Kinder lassen, wenn sie auf die Welt gekommen sind, das Glück ihrer Eltern über sie hinauswachsen. Ging mir ja nicht anders! Erst hatte es ein paar Jährchen zuvor geheißen, ich bekäme keine Kinder. Dann „entdeckte“ ein anderer Gyn, dass ich vier Jahre später im dritten Monat sei, doch keiner glaubte mir das …

Acht Monate später musste man meinen Kleinen mit Gewalt auf diese Welt zwingen, er hatte es vorgezogen, sein kleines „Eigenheim“ viel zu lange zu bewohnen. Aber wie das so ist – damit war er auch etwas „reifer“ als ein pünktlich geborenes Neunmonats-Baby. Dass er auch noch andere Begabungen mitbekommen hatte, wusste ich als unbedarfte junge Mama nicht.

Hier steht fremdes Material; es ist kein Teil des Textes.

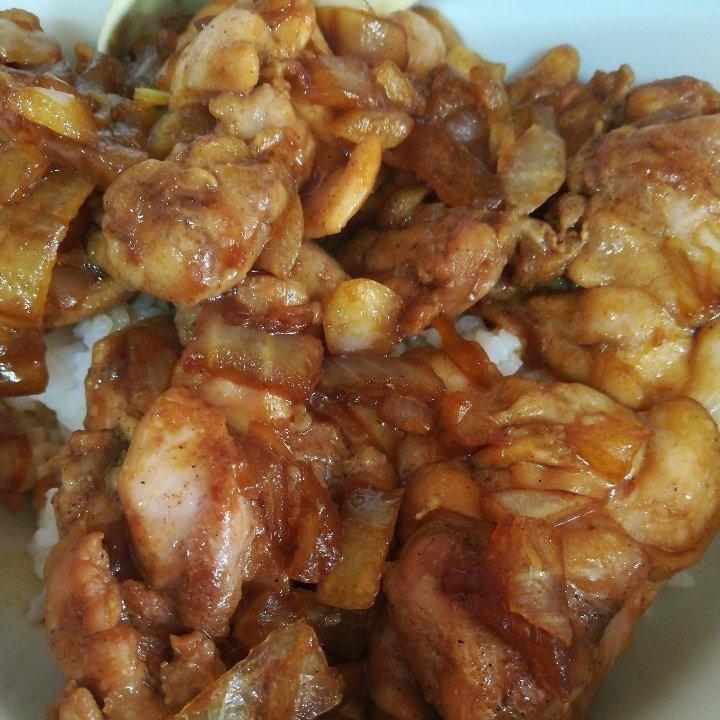 浓香照烧黑椒鸡腿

Ich hielt es für völlig normal, dass mein Bübchen sich mit fünf Monaten in seinem Laufställchen am Gitternetz hochzog und darin dann herumlief. Um ihn nicht so einzuschränken, bekam er daher einen „Gehfrei“, nein, noch nicht diese moderneren, mit denen die Kleinen so schnell umkippen können, sondern einen aus Holz, der auch noch eine kleine Tischfläche vor ihm hatte, auf der er Spielzeug nutzen konnte. Aber der kleine Mann tapperte nur ständig in der Wohnung herum, oft hinter mir her …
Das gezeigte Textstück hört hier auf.